EXERCISE: With the pictures set aside, write out all of the data exactly as it stands.

DATA EXTRACT:
========================================================================

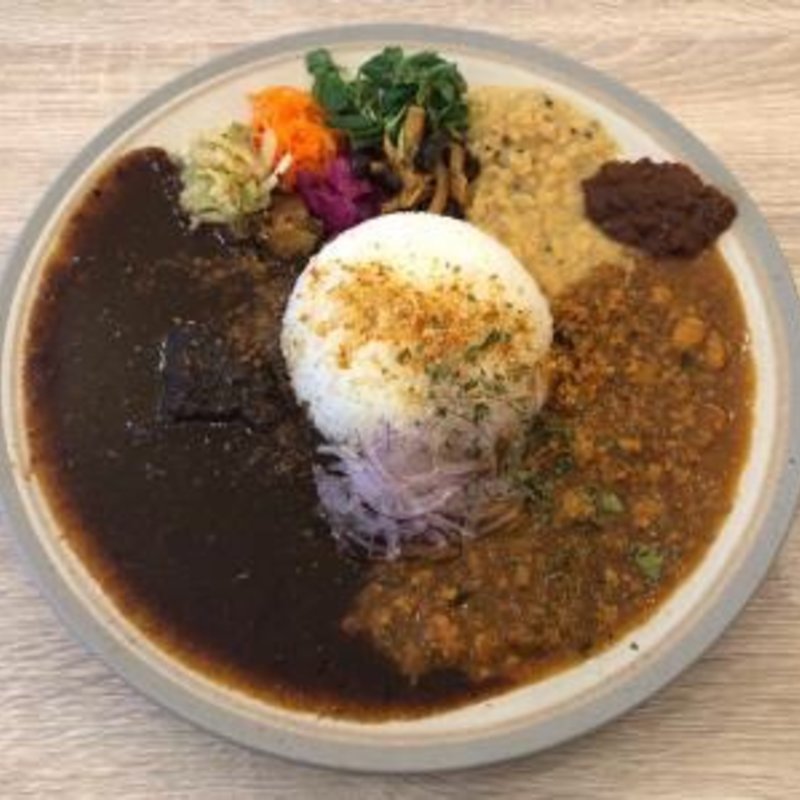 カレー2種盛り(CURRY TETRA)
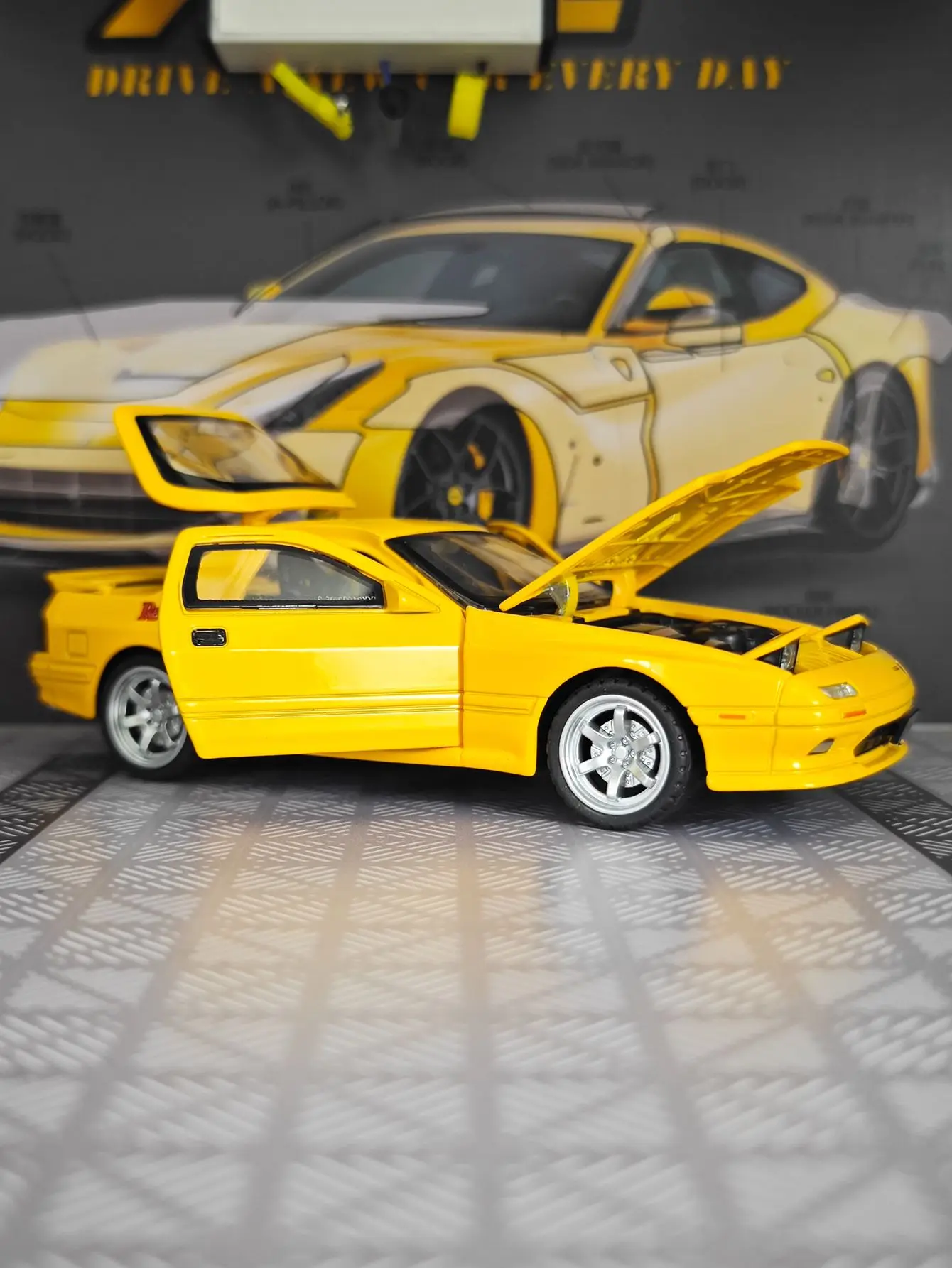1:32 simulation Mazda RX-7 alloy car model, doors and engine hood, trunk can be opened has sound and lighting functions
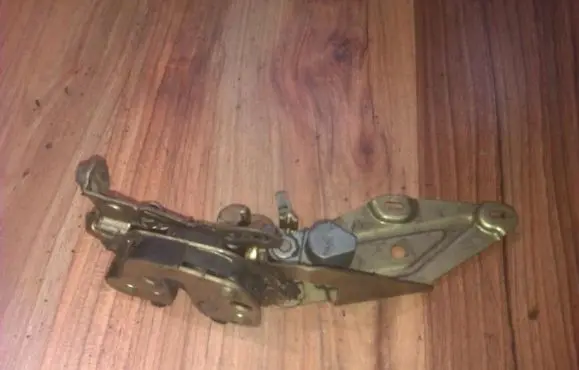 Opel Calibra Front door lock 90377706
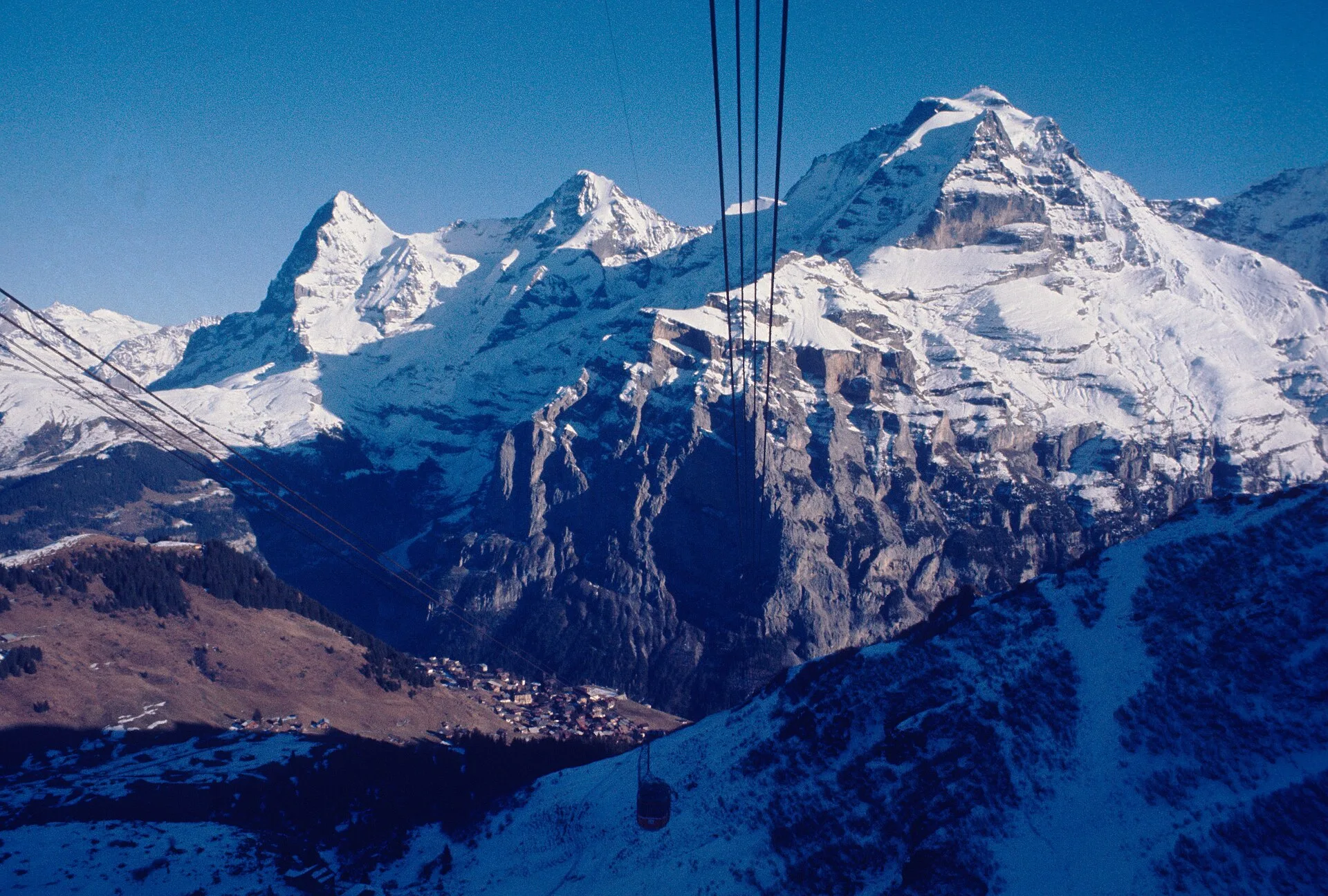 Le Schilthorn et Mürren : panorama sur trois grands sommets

========================================================================

WRITTEN SOLUTION:
 カレー2種盛り(CURRY TETRA)
1:32 simulation Mazda RX-7 alloy car model, doors and engine hood, trunk can be opened has sound and lighting functions
 Opel Calibra Front door lock 90377706
 Le Schilthorn et Mürren : panorama sur trois grands sommets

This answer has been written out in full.